Unlike the Council all-candidates forum hosted by the Residents for Community Control — where almost all members of the audience were associated with candidates speaking at the front of the hall — the audience for the Kerrisdale Community Centre forum was 80% local residents, who arrived at 7pm on a dark and inclement Thursday evening not to get out of the rain, but to listen to candidates with whom they were unfamiliar, their community attendance an information seeking venture.
One similarity between the two Council all-candidate events: there were no panelists present from the governing Vision Vancouver party, nor for the second night in a row were there any panelists from Hector Bremner’s nascent and seemingly invisible Yes Vancouver civic party.
On this surprisingly vibrant and engaging Thursday evening, there were no panelists from the Coalition Party, either, although Coalition Party Mayoral candidate Wai Young and her Council candidate colleague, Glen Chernen were present, and standing at the back of the auditorium — both of whom who told this reporter that contact had been made by their civic party with the Kerrisdale Community Centre forum organizers requesting participation in the night’s event. But to no good effect, it would appear.

Kerrisdale Community Centre City Council All-Candidates Forum, September 20, 2018

For the second night in a row, the two most effective and well-received candidate speakers of the evening were the Vancouver Non-Partisan Association‘s generational candidate, Sarah Kirby-Yung, and the Green Party’s phenomenally lucid Pete Fry, although OneCity Vancouver City Council candidate Christine Boyle gave them both a run for their money, and in the humanity and connection sweepstakes had all other speakers beat hands down — which is what you might reasonably expect of a once-in-a-lifetime civic political candidate, destined to become the most beloved political figure in Vancouver’s long, gloried and celebrated civic history.
Vancouver Non-Partisan Association Council candidate Melissa De Genova was her regular charmingly feisty self, while her NPA colleague Colleen Hardwick got better as the evening went on — but please, if there’s a god in the heavens, make her stop talking about her family’s history in civic politics and focus on what she would bring to the Council table — which she finally managed to achieve by meeting’s end.

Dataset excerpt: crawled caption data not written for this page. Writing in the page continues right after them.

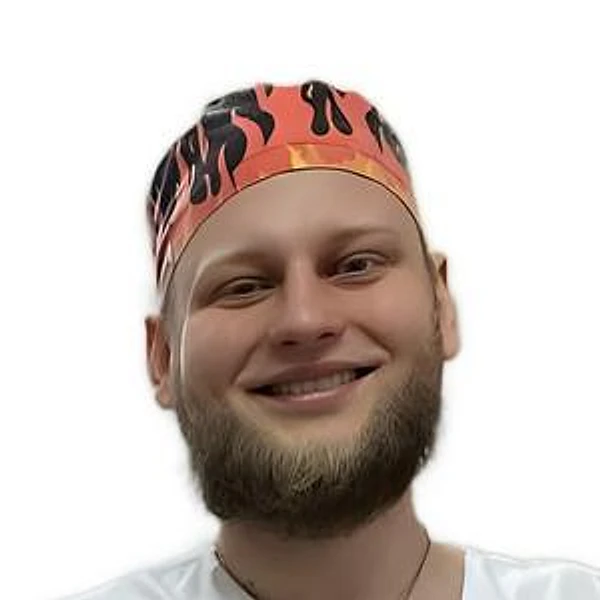 Щуцкий Илья Станиславович — Стоматолог-хирург, Стоматолог, Сызрань
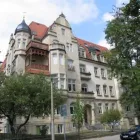 Unternehmen 9 Bild SAXOWERT IMMOBILIEN GMBH & CO. KG - MAKLER BERLIN Immobilien-Makler am Berlin BE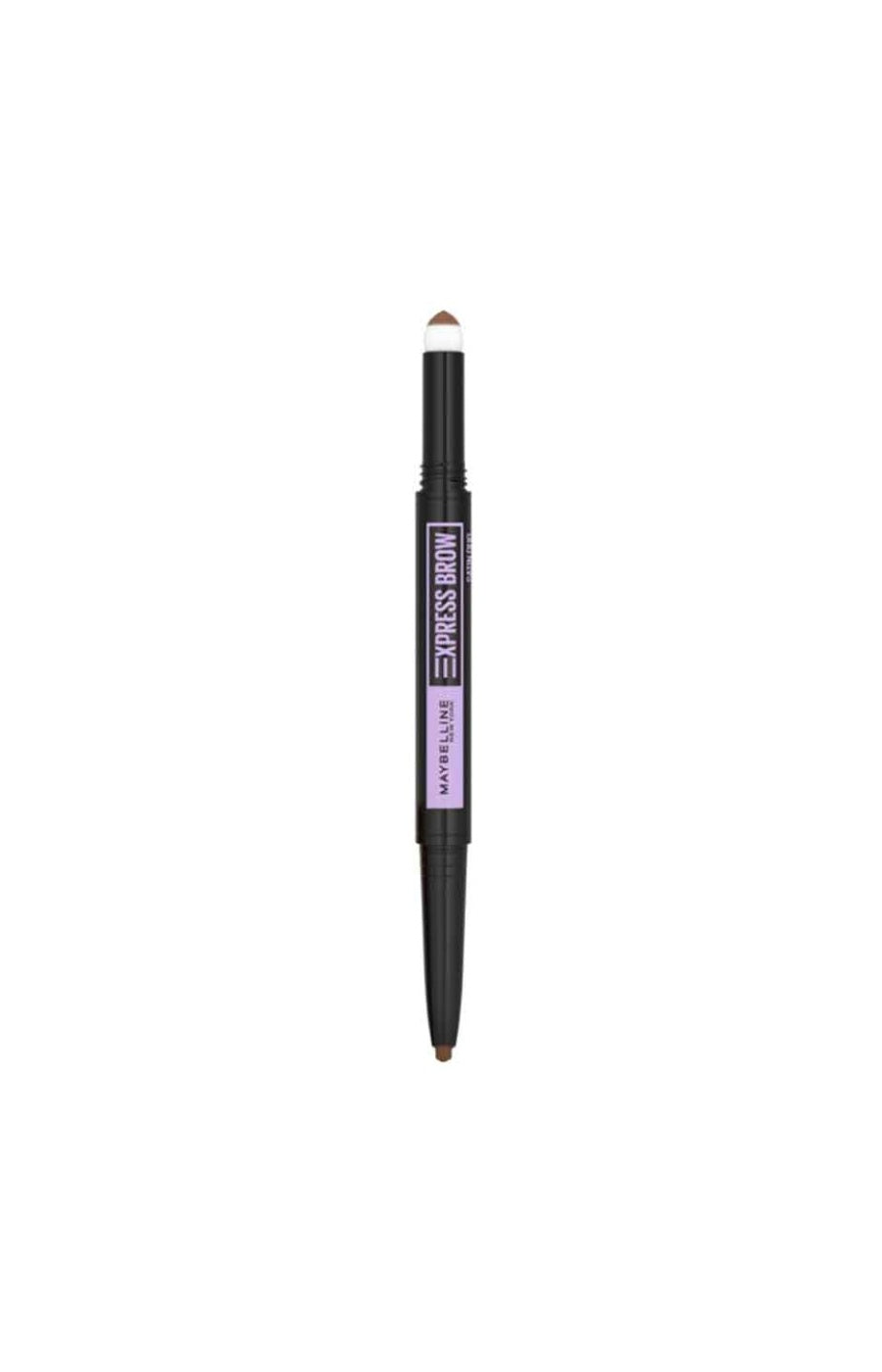 Crayon à sourcils & poudre - Express Brow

So there is a god, after all.
The Green Party’s Michael Wiebe — who we’re now moving into the must-elect column — emerged as the most dynamic speaker of the evening, his command of & his focused ability to speak to the issues both unparalleled on this particular evening and in the election generally — his current Park Board Commissioner colleague, Sarah Kirby Yung, has done a fine job of mentoring Mr. Wiebe, the two getting along like a house on fire, Michael Wiebe’s respect for Ms. Kirby-Yung palpable and endearing, she providing the voice of reason and experience to Mr. Wiebe’s focused youthful vitality.
In a Vancouver civic election where 71 candidates have come forward seeking office as a City Councillor, Thursday evening was more a look-see evening than an event designed to address the issues of the day — because, let’s face it, there’s only one issue in this election: affordable housing and co-and-co-op housing within the rubric of neighbourhood consultation, with the recognition that we’re in the midst of a housing crisis in Vancouver, and we don’t want more study (consultation, yes; study, no), we want action, and we want action now, not in some distant future.

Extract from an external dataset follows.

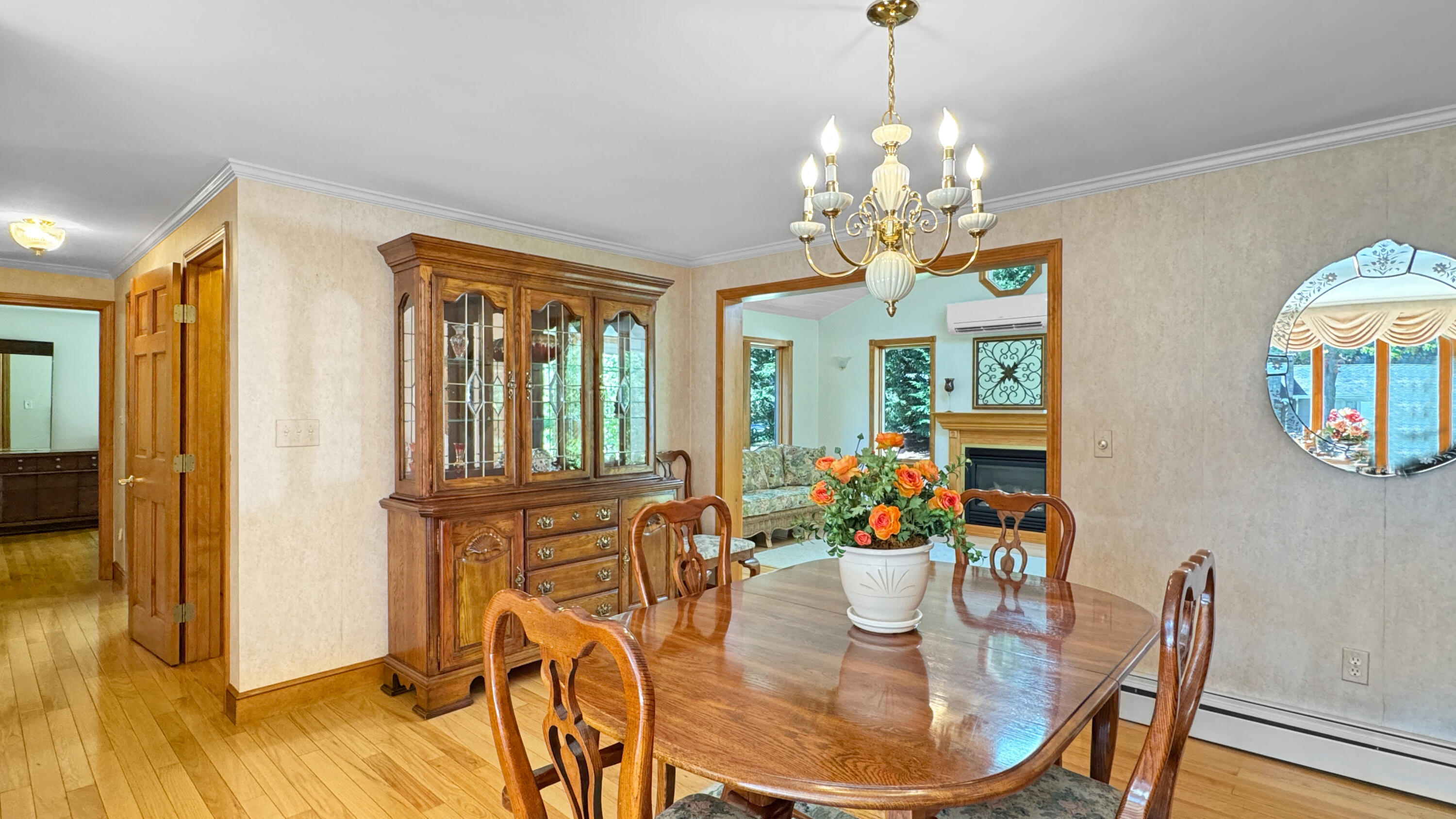 13 Guillemette Street, Sanford, ME 04073 32dd1ae4be8144992036995a8a32679197c2227d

Michael Wiebe, Green Party of Vancouver Park Board Commissioner, and 2018 City Council aspirant

Five candidates — each of whom you can see and hear speaking in the video at the top of today’s column — emerged on this electoral evening as the candidates capable of getting things done, and getting ’em done now …

  • OneCity Vancouver’s transcendently lovely and transformationally inspiring Christine Boyle (just wait til she’s elected … your socks are going to be impressed right off, we’ve never seen anyone like her in Vancouver municipal politics, and that’s all to the good for us);

  • Pete Fry, the city builder extraordinaire in this election, the must, must, must-elect in 2018, and a man possessed of much wisdom, knowledge, and unending kindness, the candidate you can count on every day;
  • Anne Roberts, the voice of reason and the voice of experience, who’s been elected to civic office before, which means that she knows how to get things done for us, much sooner, and the Councillor who will emerge as the quietly effective social conscience of the next Council;
  • Independent City City Council candidate, and the democrat in the Council group, Erin Shum — which means not only that Erin Shum will be the Councillor who will listen to you, but act on your concerns, who will never back down; don’t be fooled by her youth, Erin Shum is an old soul;

    and right-out-of-left field

  • Michael Wiebe — a current Park Board Commissioner, who has served well and with distinction for four years now — who, when you watch the video above (you can see and hear Michael Wiebe at the 11:20 mark in the video) you’ll find yourself saying out loud, “I want this young Kennedy-esque man on Vancouver’s next City Council, and I’ll be telling all my neighbours, friends and colleagues about him, too. Now where do I go about donating money and volunteer hours to his campaign?”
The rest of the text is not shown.